(a) Netsertive, Inc. (“Netsertive”) will provide Client certain digital marketing services as further described in one or more Quotes or Change Orders as mutually agreed by the parties from time to time (the “Services”). Services will utilize Netsertive’s proprietary technology, service networks and skilled marketing professionals. Services are provided only for the benefit of Client. Client may not resell or provide the Services to or for the benefit of any other third party or permit any third party to use the Services. The terms and conditions set forth herein shall govern all such Services. In the event of any conflict between these terms and conditions and the Quote, the Quote will govern. At any time during the term of Services set forth in an Quote, Client may request future additions or modifications to the Services (each a “Change”). No Change shall be considered as an addition or modification to the Services, except pursuant to a written change order mutually agreed by the parties (a “Change Order”). Change Orders are generally affected through Netsertive’s online customer portal or by email and counter-email or through other written communications as directed by Netsertive.
(b) The Services selected by Client are for online marketing services in connection with a digital marketing campaign. Netsertive will provide Services in accordance with Client’s overall campaign strategy and as selected by Client through Netsertive’s online customer portal. Services are limited to support of one distinct physical location and one website as declared in Client’s online Quote as notated through the Streetwise Base Subscription count. Services may include initial configuration and account set-up, including an industry-specific review of Client’s business, brands, geographic markets, website and competitive position. Netsertive shall activate the program account following such review and configuration (“Program Activation”). Services also include account management, ongoing monitoring, access to subscribed media channels, vendor selection and media placement, reporting and support. Further, in connection with the Services, Client authorizes Netsertive to determine how to allocate Service Fees on Client’s behalf to best drive performance and achievement of Client objectives as measured by Netsertive’s systems. Netsertive is solely responsible for its third party digital marketing costs and Client bears no risk related to those third party costs.

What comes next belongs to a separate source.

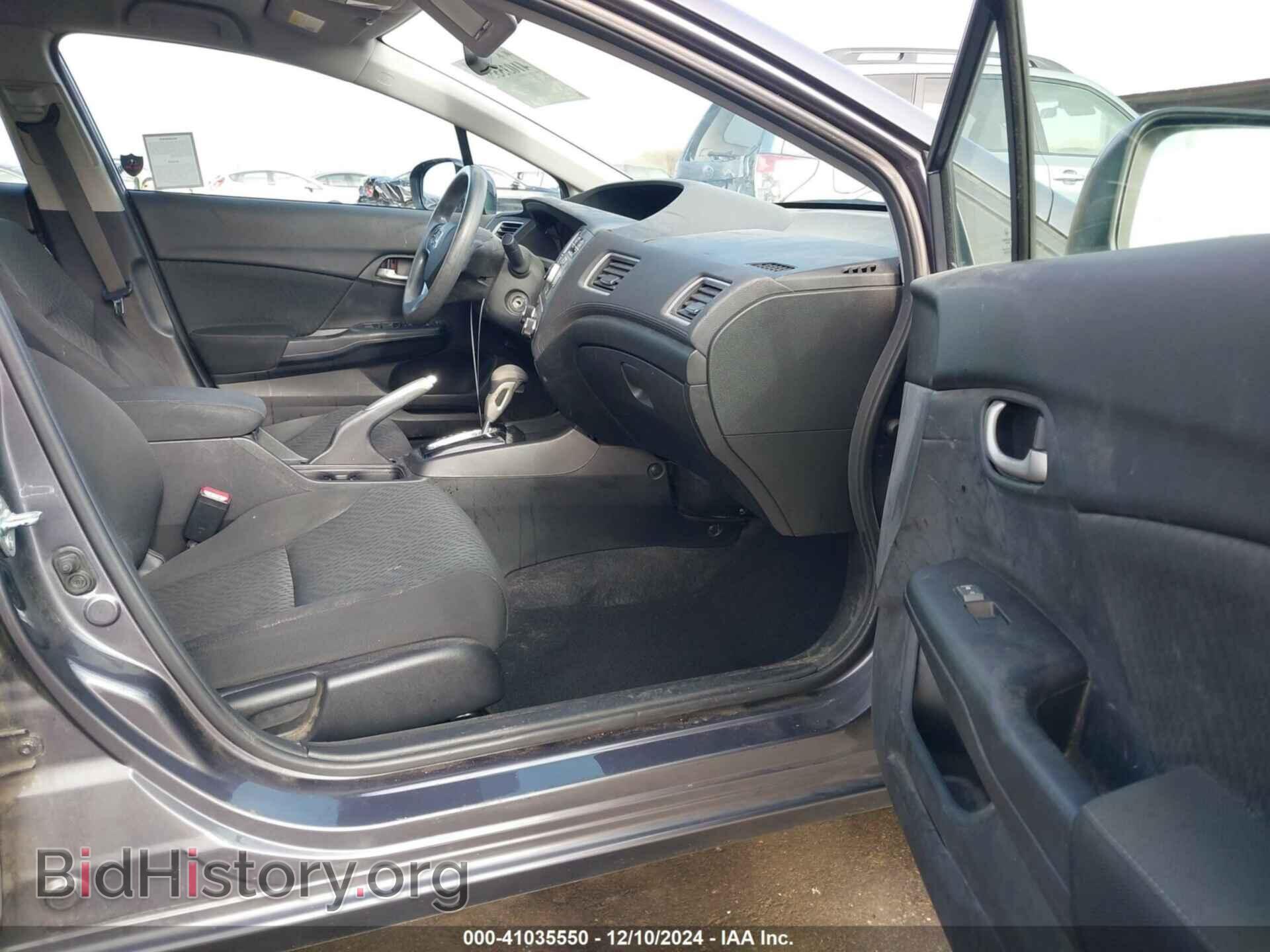 2015 HONDA CIVIC - VIN: 19XFB2F53FE271802 - Фото 5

(a) The subscription fee(s) for Services are as set forth on the Quote applicable thereto or any modifications thereto made by Change Orders from time to time (the “Subscription Fee”) and the Subscription Fee combined with the Digital Marketing Funds described below, collectively, the “Service Fees”. The amount of the monthly Subscription Fee shall be fixed for the term hereof unless mutually agreed by the parties in a Change Order. The Service Fees includes a monthly amount of “Digital Marketing Funds”. Netsertive will consult with Client to determine the appropriate level of Digital Marketing Funds based on Client’s business objectives and factors such as, among other things, market share and the size of the applicable market. Digital Marketing Funds include management fees based on the quantity purchased and together with the Subscription Fee, are in consideration of the Services. The initial monthly amount of Digital Marketing Funds is indicated on the Quote. Client may adjust the monthly amount of Digital Marketing Funds in $100 increments within the range specified on the Quote by providing written notice of such change to Netsertive. Any such change will be effective on the first day of the following month or, if insufficient notice is provided prior to the start of such month, as otherwise determined by Netsertive.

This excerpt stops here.